What you have to do =
In the records below, find the line that contains "Trio Lighting Edge" and the line that contains "Celine セリーヌ ノット"; write out exactly those two lines and everything between them, without the pictures.

Data under study =
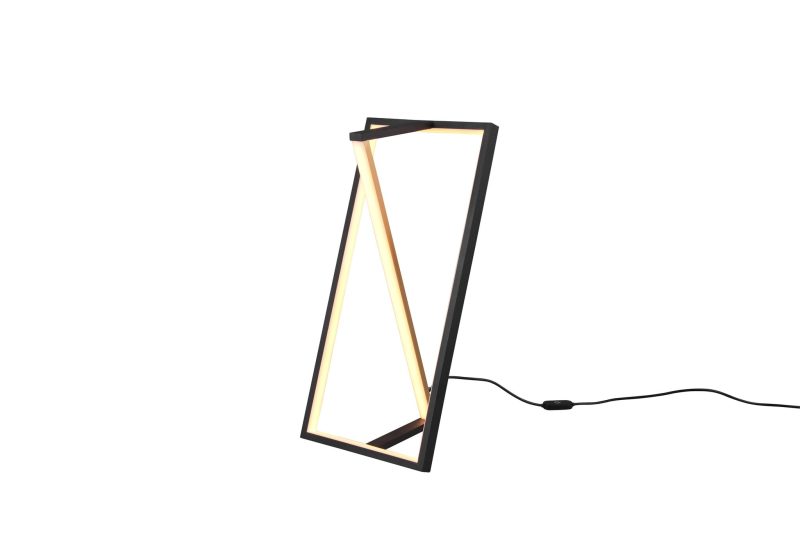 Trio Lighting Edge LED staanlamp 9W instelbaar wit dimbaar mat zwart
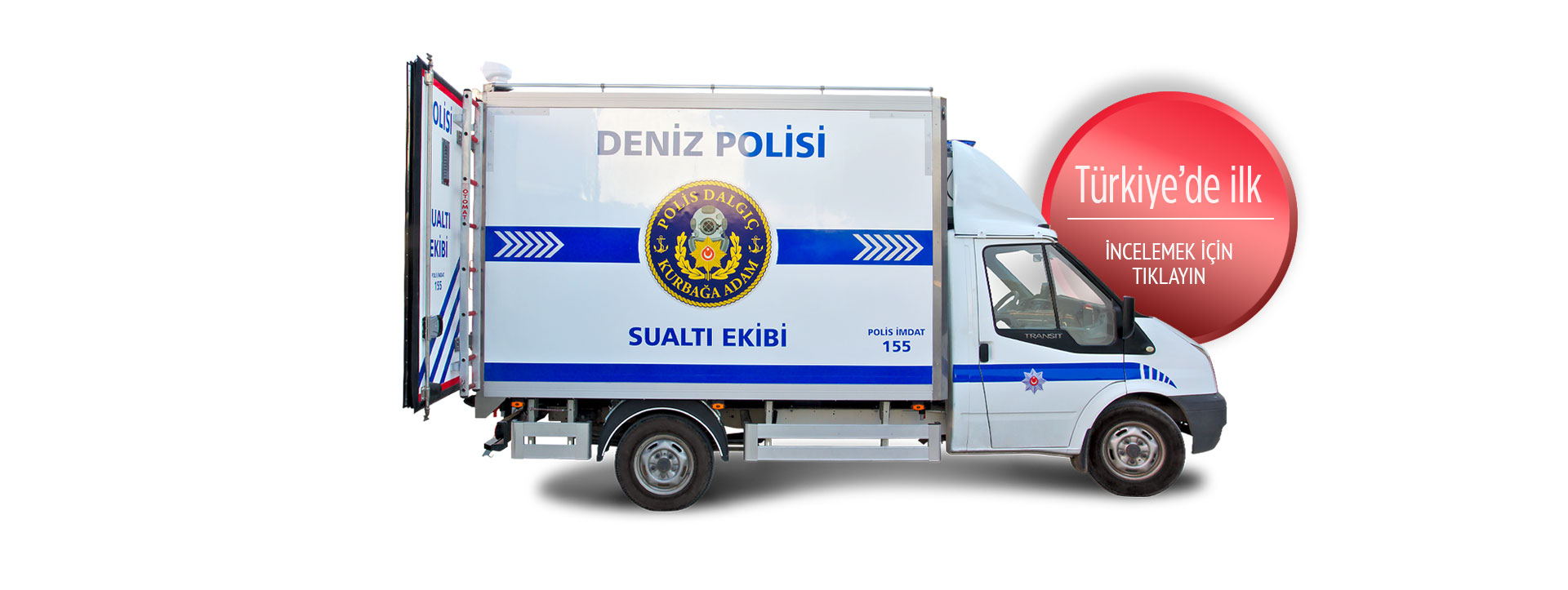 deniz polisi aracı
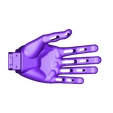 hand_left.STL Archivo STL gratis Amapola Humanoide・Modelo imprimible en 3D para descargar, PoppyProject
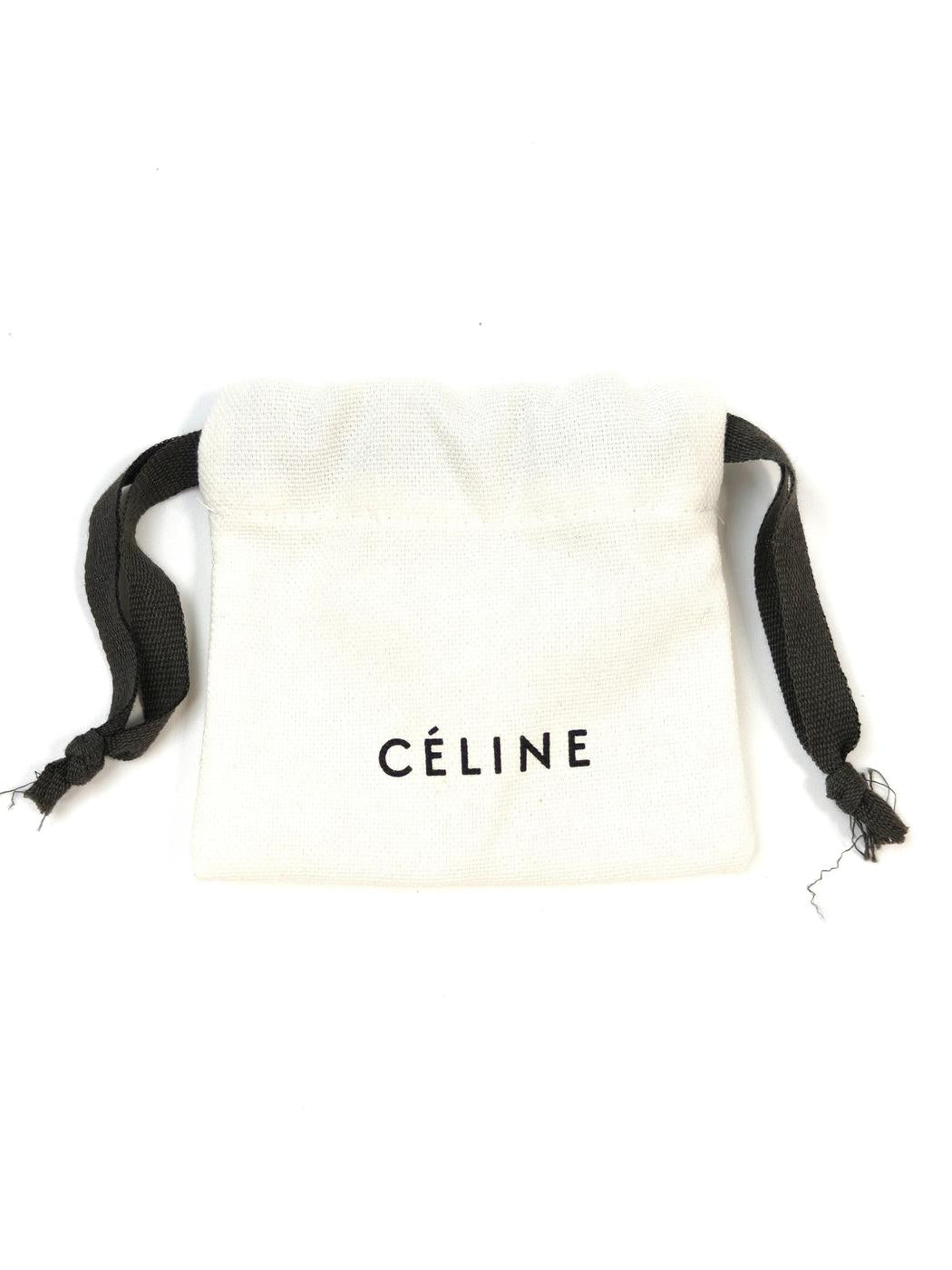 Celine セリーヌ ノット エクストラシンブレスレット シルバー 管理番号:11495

==

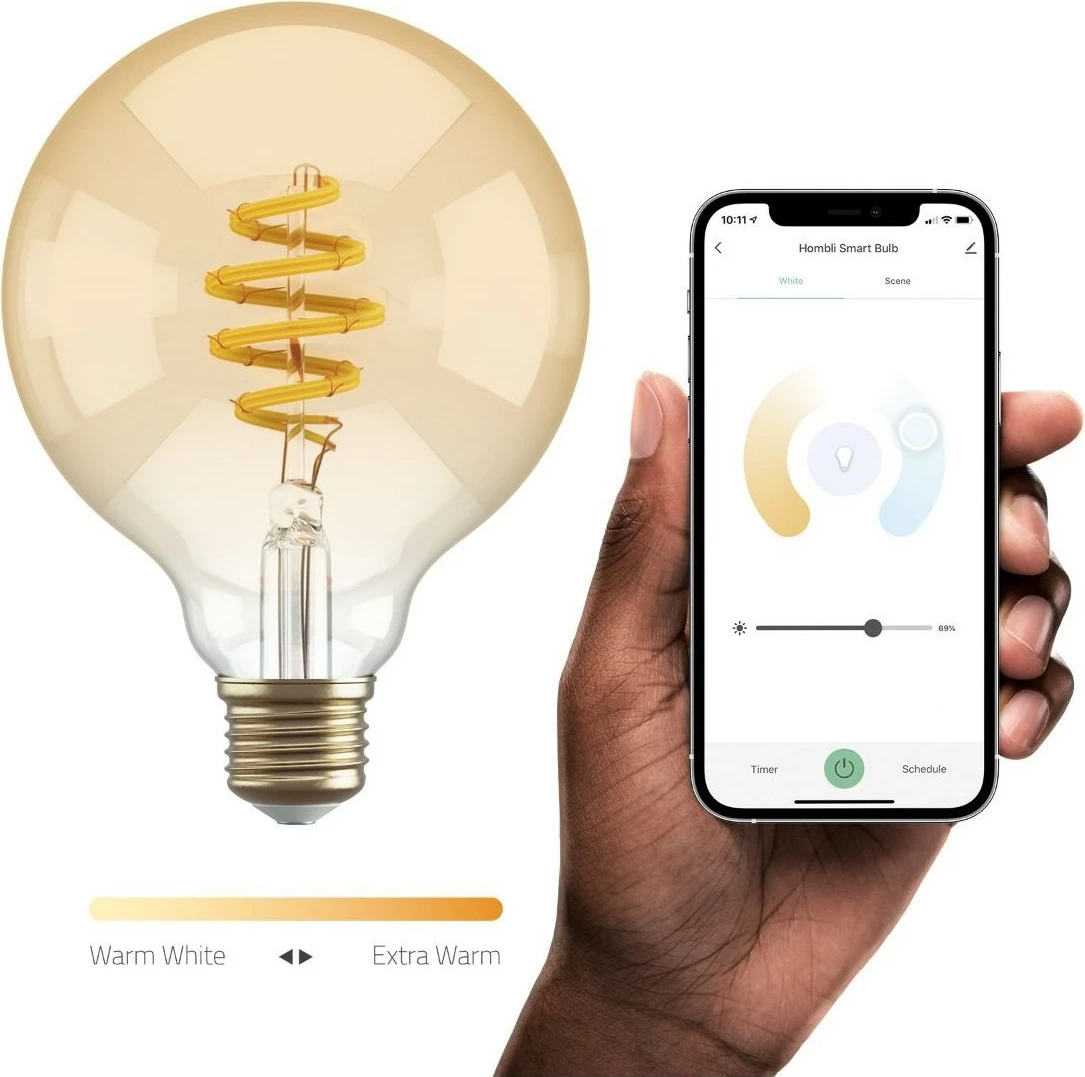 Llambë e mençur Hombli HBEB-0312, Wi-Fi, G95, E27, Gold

Task output =
 Trio Lighting Edge LED staanlamp 9W instelbaar wit dimbaar mat zwart
 deniz polisi aracı
 hand_left.STL Archivo STL gratis Amapola Humanoide・Modelo imprimible en 3D para descargar, PoppyProject
 Celine セリーヌ ノット エクストラシンブレスレット シルバー 管理番号:11495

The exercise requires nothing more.